Aim of the exercise: Take the data below and copy exactly the lines starting at the one with "BILLA Brusinky" and finishing at the one with "微信推廣家長圈圖文設計頭部PSD分層", both included.

Material shown:
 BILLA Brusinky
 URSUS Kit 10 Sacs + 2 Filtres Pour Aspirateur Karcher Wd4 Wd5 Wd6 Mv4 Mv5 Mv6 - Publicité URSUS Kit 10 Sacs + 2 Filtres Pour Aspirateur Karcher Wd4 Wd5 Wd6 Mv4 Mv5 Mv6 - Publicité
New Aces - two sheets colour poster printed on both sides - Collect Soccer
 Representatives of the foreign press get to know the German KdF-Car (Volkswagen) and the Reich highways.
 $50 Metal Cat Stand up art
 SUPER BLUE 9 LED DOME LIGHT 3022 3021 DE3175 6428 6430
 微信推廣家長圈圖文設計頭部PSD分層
---
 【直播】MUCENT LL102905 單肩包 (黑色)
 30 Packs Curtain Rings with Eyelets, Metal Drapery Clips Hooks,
...
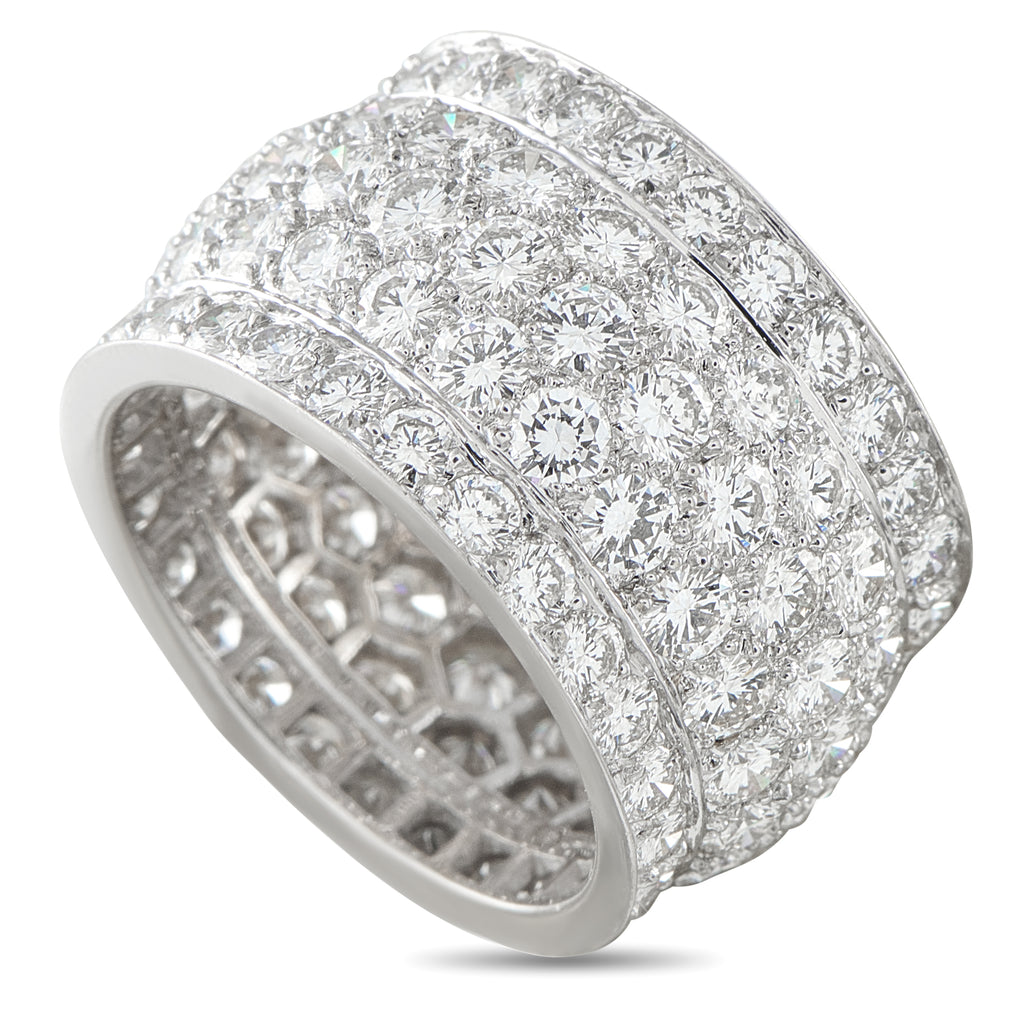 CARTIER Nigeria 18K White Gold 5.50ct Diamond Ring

Answer section:
 BILLA Brusinky
 URSUS Kit 10 Sacs + 2 Filtres Pour Aspirateur Karcher Wd4 Wd5 Wd6 Mv4 Mv5 Mv6 - Publicité URSUS Kit 10 Sacs + 2 Filtres Pour Aspirateur Karcher Wd4 Wd5 Wd6 Mv4 Mv5 Mv6 - Publicité
New Aces - two sheets colour poster printed on both sides - Collect Soccer
 Representatives of the foreign press get to know the German KdF-Car (Volkswagen) and the Reich highways.
 $50 Metal Cat Stand up art
 SUPER BLUE 9 LED DOME LIGHT 3022 3021 DE3175 6428 6430
 微信推廣家長圈圖文設計頭部PSD分層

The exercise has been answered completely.